This is the mail archive of the gcc-patches@gcc.gnu.org mailing list for the GCC project.

Index Nav:	[Date Index] [Subject Index] [Author Index] [Thread Index]
Message Nav:	[Date Prev] [Date Next]	[Thread Prev] [Thread Next]
Other format:	[Raw text]

[patch] more vectorizer costmodel fixes/improvements + spu costs (needs review)

From: Dorit Nuzman <DORIT at il dot ibm dot com>
To: gcc-patches at gcc dot gnu dot org
Cc: Andrew_Pinski at PlayStation dot Sony dot Com
Date: Thu, 5 Jul 2007 22:36:11 +0300
Subject: [patch] more vectorizer costmodel fixes/improvements + spu costs (needs review)

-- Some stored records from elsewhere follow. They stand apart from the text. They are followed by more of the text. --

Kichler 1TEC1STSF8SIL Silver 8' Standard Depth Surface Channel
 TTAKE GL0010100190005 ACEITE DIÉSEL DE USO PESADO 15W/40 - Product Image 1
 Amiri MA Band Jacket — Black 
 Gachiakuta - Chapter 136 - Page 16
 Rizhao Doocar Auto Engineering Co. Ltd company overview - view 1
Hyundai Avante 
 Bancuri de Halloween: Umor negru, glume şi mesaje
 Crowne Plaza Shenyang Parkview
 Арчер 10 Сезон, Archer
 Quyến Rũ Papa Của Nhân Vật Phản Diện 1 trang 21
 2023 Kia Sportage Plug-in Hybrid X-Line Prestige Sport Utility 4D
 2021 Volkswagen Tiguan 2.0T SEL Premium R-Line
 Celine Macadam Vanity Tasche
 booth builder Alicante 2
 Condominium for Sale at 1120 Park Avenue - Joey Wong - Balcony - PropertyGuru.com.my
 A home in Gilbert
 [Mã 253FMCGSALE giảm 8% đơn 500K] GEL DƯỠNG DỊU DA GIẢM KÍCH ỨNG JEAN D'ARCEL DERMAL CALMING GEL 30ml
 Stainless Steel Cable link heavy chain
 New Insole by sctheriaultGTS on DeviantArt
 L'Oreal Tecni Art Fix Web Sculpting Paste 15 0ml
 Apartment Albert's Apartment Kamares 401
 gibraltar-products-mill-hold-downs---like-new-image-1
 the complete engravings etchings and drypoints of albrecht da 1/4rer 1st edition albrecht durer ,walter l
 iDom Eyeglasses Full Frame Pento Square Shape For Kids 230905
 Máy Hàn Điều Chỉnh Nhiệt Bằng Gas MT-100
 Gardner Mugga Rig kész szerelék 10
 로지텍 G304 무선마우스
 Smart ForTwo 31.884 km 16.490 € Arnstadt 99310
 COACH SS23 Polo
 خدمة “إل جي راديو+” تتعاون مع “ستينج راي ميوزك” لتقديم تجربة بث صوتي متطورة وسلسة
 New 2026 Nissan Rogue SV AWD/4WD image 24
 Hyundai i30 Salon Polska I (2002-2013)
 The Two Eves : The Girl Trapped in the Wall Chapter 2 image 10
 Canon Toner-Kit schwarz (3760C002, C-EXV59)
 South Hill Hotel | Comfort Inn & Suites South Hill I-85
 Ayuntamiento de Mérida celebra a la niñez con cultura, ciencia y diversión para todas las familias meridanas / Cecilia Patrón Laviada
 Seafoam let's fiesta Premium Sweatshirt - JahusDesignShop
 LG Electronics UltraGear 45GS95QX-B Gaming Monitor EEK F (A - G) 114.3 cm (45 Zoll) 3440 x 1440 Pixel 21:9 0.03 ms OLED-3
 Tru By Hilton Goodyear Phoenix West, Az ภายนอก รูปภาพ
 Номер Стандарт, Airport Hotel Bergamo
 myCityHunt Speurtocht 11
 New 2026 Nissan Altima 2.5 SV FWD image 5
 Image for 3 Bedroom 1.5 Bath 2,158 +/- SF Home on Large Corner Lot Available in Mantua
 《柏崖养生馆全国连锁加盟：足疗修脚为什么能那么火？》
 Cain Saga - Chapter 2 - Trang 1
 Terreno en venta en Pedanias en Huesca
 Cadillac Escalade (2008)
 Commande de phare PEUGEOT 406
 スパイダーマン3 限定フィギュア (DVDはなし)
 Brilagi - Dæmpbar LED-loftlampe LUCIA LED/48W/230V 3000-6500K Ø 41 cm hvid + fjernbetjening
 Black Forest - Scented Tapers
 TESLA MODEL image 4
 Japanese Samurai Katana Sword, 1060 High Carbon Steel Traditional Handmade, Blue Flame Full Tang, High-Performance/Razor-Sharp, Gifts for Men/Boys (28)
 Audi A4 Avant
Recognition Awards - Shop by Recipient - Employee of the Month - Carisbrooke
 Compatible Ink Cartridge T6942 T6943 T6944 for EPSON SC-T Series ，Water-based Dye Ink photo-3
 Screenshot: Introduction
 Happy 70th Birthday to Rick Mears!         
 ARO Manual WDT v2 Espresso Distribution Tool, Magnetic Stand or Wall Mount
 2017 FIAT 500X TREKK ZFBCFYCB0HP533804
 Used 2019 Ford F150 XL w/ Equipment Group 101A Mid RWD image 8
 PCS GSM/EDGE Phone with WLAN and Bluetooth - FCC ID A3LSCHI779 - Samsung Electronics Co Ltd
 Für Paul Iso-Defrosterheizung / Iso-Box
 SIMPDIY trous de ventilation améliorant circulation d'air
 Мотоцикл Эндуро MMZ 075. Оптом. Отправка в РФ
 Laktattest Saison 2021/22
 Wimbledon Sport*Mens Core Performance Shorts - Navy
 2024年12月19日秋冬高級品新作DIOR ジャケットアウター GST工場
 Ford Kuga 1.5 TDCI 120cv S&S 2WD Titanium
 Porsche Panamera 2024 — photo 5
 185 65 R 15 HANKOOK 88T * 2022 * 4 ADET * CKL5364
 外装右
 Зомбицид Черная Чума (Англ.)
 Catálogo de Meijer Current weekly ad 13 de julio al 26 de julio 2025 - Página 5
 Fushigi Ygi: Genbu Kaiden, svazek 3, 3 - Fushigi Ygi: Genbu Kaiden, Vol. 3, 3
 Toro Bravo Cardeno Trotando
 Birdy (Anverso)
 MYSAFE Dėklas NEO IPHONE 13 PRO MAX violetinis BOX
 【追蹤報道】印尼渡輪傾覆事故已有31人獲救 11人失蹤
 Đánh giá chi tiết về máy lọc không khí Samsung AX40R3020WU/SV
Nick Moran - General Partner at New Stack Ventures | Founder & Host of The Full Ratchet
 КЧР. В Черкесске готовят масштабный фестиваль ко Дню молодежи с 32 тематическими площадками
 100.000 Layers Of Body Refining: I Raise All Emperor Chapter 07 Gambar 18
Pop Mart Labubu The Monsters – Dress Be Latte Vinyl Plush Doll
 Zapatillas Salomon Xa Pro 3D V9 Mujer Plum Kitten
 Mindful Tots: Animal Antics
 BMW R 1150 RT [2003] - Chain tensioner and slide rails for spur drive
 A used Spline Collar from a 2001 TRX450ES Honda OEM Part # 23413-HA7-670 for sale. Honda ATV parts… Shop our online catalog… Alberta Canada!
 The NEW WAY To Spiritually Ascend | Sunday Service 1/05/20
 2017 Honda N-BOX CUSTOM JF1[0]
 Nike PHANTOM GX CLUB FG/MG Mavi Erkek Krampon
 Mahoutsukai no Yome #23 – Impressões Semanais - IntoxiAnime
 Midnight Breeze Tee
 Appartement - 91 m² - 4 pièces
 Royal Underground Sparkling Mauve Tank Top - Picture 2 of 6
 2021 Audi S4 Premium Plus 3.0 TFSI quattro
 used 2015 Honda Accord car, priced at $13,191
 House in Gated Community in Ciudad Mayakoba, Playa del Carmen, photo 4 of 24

This patch brings over the following patches from autovect-branch:
http://gcc.gnu.org/ml/gcc-patches/2007-06/msg01981.html
http://gcc.gnu.org/ml/gcc-patches/2007-07/msg00225.html

I need approval for the bits outside the vectorizer (target.h,
target-def.h), and for the changes in the spu port.

"
This patch adds vectorizer cost model testing for the SPU, and also defines
the cost-model target-specific costs for the spu. While tuning the
cost-model for the SPU I also found a few places where we can be a little
more accurate, so this patch also includes several small fixes/enhancements
to the cost-model itself:

- Use TARG_SCALAR_TO_VEC_COST for the reduction initialization cost
(instead of TARG_VEC_STMT_COST).

- Use TARG_VEC_TO_SCALAR_COST for the reduction finalization cost (instead
of TARG_VEC_STMT_COST).

- In computing the cost of the reduction epilogue there was a bug which
caused us to never take the path of the epilogue that uses vector-shifts
(instead we always took the path of the epilogue that uses scalar
operations). This caused to estimate higher costs for reduction epilogues
on powerpc (in one testcase the cost was computed to be 32, instead of 10).
So now with this fix a couple loops in the powerpc costmodel testsuite get
vectorized when they didn't before.

- Have vect_estimate_min_profitable_iters return the threshold it computed
minus 1 (instead of returning min_profitable_iters), because the way it is
used later is in the following condition:
      "if (niters <= min_profitable_iters) then skip the vectorized loop"
(whereas min_profitable_iters is already expected to be profitable, so we
are being too conservative).

- Differentiate between the costs of different scalar stmts instead of
using a cost 1 for all scalar stmts (even this is probably not enough - we
probably want to be able to have a finer differentiation eventually).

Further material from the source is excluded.